We have a new opportunity to resist the proposed Williams NESE pipeline! Our allies at New Yorkers for Clean Power and the Natural Resources Defense Council are challenging the NY Public Service Commission’s decision earlier this fall to approve National Grid’s plan, including the Williams and other proposed fossil fuel pipelines. Click here to send a letter in support of these petitions now - we can’t afford to be sinking more money into infrastructure that pollutes our air, threatens delicate ecosystems, and takes us farther away from a sustainable future!
Reminder: if you haven’t yet signed our Jewish community letter to Governor Hochul urging her to advance renewables in NYS, please do so here and share it with your networks!
Idea to Ponder:
Obligation. Calling. These are big words. They can be daunting. As we push forward doggedly in our climate work, how do we see ourselves and from where do we draw strength?
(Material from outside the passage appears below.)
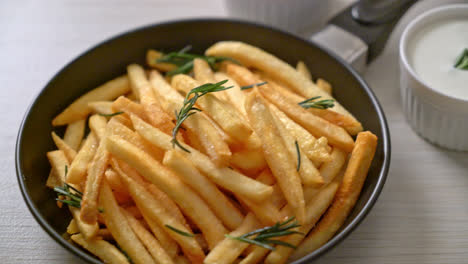 patatas fritas o papas fritas con crema agria y ketchup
Torah tells us that Noah took on the major obligation of building an ark and populating it with life. But God literally closed the door of the Ark before bringing the flood. Noah gets that wind at his back.
Abraham (at that point still Abram), who we read about in this week’s parsha, heard a calling and entered into a covenant that became an obligation. God’s promise that he will become a great nation gave Abram a wind at his back.
And us? We are the ones alive today in this time of crisis and peril. We could see it as a burden we neither sought nor wanted. But here we are, making the phone calls, showing up at the rallies, organizing others to take action. Where’s the wind at our backs?
One answer might be both comforting and generative: purpose. We can easily feel deployed by the Holy One to protect creation. What bigger purpose could there be? Purpose makes room for joy and patience. It can temper the inevitable frustrations inherent in our work. Sinking down into our sense of purpose creates not just a wind at our backs, but wings to carry us.